C = Class to predict; f = Feature to use

The formula above works for only one feature/attribute. We need a formula to allow multiple attributes. So in Naïve Bayes we applied the intersection of many features **given** a certain class, over the evidence (or normalization factor), which is negligible, so we replace it with $\alpha = \frac{1}{E}$ and store it for later, when we need to compute the probability of each class **given** the features.

**Notation:**
The coma (,) in Bayes' rule can be used as the AND operator, or the intersection of two or more events. i.e. $P(A,B) = P(B,A) = P(A \mid B)P(B) = P(B \mid A)P(A)$

$$P(C_{k} \mid f_{1},...,f_{n}) \propto P(f_{1},...,f_{n},C_{k})$$

Now the numerator $P(f_{1},...,f_{n},C_{k})$ (Likelihood) can be expanded using the chain rule into:

$$P(f_{1},...,f_{n},C_{k}) = P(f_{i} \mid f_{i+1},...,f_n,C_{k})$$

$$P(f_{1},...,f_{n},C_{k}) = P(f_{1} \mid f_{n+1},...,f_{n},C_{k}) ... P(f_{n-1} \mid f_{n},C_{k}) P(f_{n} \mid C_{k}) P(C_{k})$$

Now if we consider the independence of events, as in: $P(A,B) = P(A)P(B)$, we have that:

$$P(f_{i} \mid f_{i+1},...,f_{n},C_{k}) = P(f_{i} \mid C_{k})$$

Hence:

$$P(C_{k} \mid f_{1},...,f_{n}) = \frac{1}{E} \times P(C_{k}) \prod_{i=1}^{n} P(f_{i} \mid C_{k}) = P(C_{k}) \prod_{i=1}^{n} P(f_{i} \mid C_{k}) \times \alpha$$

Where $E$ is the normalising factor computed using the Law of Total Probability:

$$E = \sum_{k}^{} P(\textbf{f} \mid C_{k}) P(C_{k})$$

The discussion so far has derived the independent feature model, that is, the naive Bayes probability model. The naive Bayes classifier combines this model with a decision rule. One common rule is to pick the hypothesis that is most probable; this is known as the *maximum a posteriori* or MAP decision rule.
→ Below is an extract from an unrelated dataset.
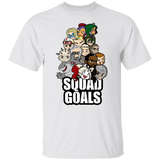 T-Shirts White / S Squad Goals T-Shirt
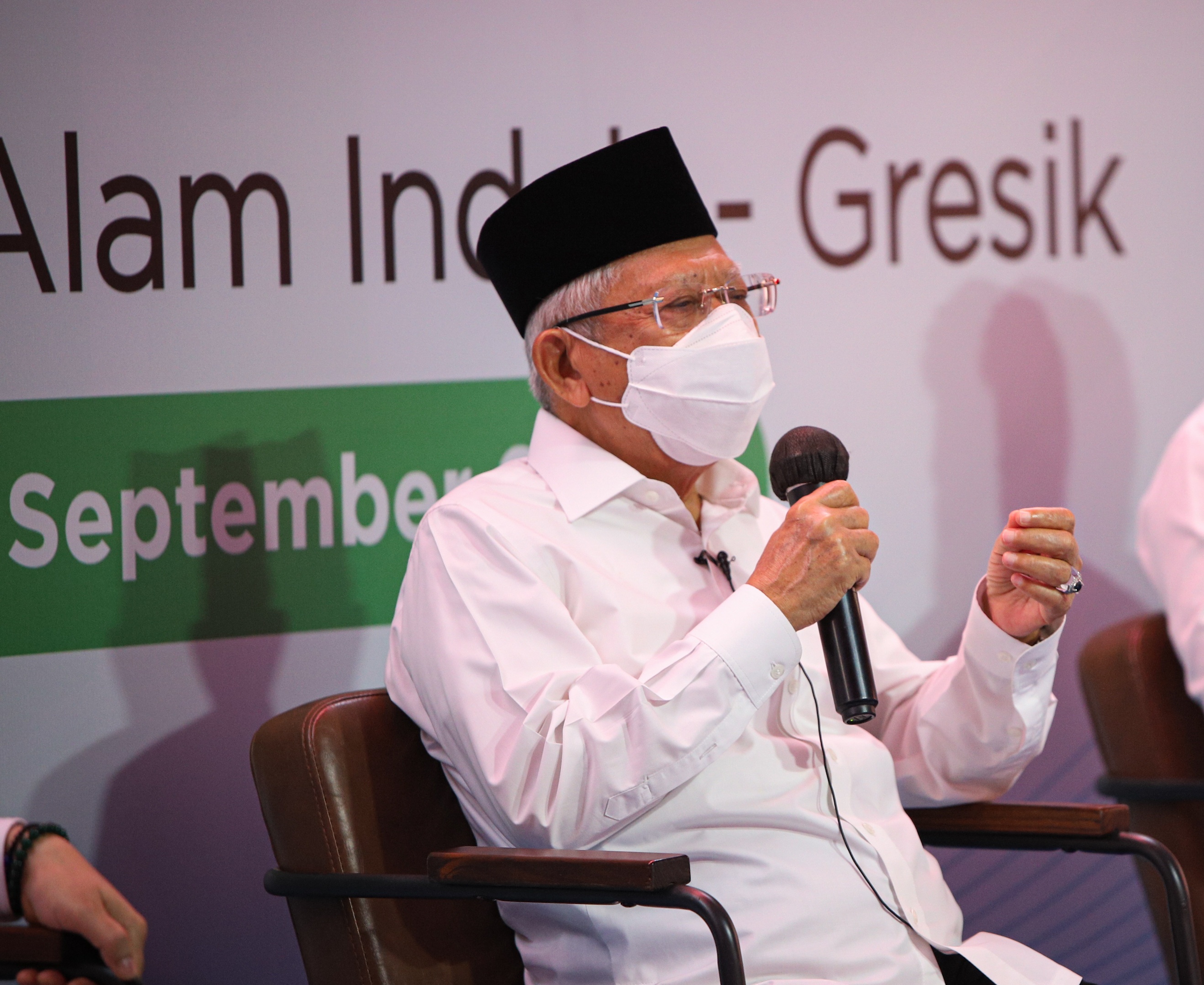 ANTARA FOTO/Rizal Hanafi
The corresponding classifier, a Bayes classifier, is the function that assigns a class label $\hat{y} = C_k$ for some k as follows:

$$\hat{y} = {\underset{k \in \{1, \dots ,K\}}{\operatorname{argmax}} P(C_k) \prod_{i=1}^{n} P(x_i \mid C_k). \quad\quad (1)}$$

$P(\text{contact-lenses=none} \mid \text{E}) = P(\text{age=pre-presbyopic} \mid \text{contact-lenses=none}) \times P(\text{spectacle-prescrip=hypermetrope} \mid \text{contact-lenses=none}) \times P(\text{astigmatism=yes} \mid \text{contact-lenses=none}) \times P(\text{tear-prod-rate=reduced} \mid \text{contact-lenses=none}) \times P(\text{contact-lenses=none}) \times \alpha$

$P(\text{contact-lenses=none} \mid \text{E}) = \frac{5+1}{15+3} \times \frac{8+1}{15+2} \times \frac{8+1}{15+2} \times \frac{12+1}{15+2} \times \frac{15+1}{24+3} \times \alpha = 0.04\alpha$

$P(\text{contact-lenses=soft} \mid \text{E}) = P(\text{age=pre-presbyopic} \mid \text{contact-lenses=soft}) \times P(\text{spectacle-prescrip=hypermetrope} \mid \text{contact-lenses=soft}) \times P(\text{astigmatism=yes} \mid \text{contact-lenses=soft}) \times P(\text{tear-prod-rate=reduced} \mid \text{contact-lenses=soft}) \times P(\text{contact-lenses=soft}) \times \alpha$

$P(\text{contact-lenses=soft} \mid \text{E}) = \frac{2+1}{5+3} \times \frac{3+1}{5+2} \times \frac{1}{5+2} \times \frac{1}{5+2} \times \frac{5+1}{24+3} \times \alpha = 0.001\alpha$

$P(\text{contact-lenses=hard} \mid \text{E}) = P(\text{age=pre-presbyopic} \mid \text{contact-lenses=hard}) \times P(\text{spectacle-prescrip=hypermetrope} \mid \text{contact-lenses=hard}) \times P(\text{astigmatism=yes} \mid \text{contact-lenses=hard}) \times P(\text{tear-prod-rate=reduced} \mid \text{contact-lenses=hard}) \times P(\text{contact-lenses=hard}) \times \alpha$

$P(\text{contact-lenses=hard} \mid \text{E}) = \frac{1+1}{4+3} \times \frac{1+1}{4+2} \times \frac{4+1}{4+2} \times \frac{1}{4+2} \times \frac{4+1}{24+3} \times \alpha = 0.002\alpha$

Now if $\alpha = \frac{1}{P(E)}$ then:

$\frac{(0.001 + 0.002 + 0.04)}{P(E)} = 1.0 \implies P(E) = (0.001 + 0.002 + 0.04) = 0.043$

Now we calculate each individual probability and pick the greatest probability according to (1):

$P(\text{contact-lenses=none} \mid \text{E}) = \frac{0.04}{0.043} = 93\%$

$P(\text{contact-lenses=soft} \mid \text{E}) = \frac{0.001}{0.043} = 2.3\%$

$P(\text{contact-lenses=hard} \mid \text{E}) = \frac{0.002}{0.043} = 4.7\%$

Weka classifies the entry *pre-presbyopic,hypermetrope,yes,reduced* as being of class **none**, with a probability of 92.5% (0.925).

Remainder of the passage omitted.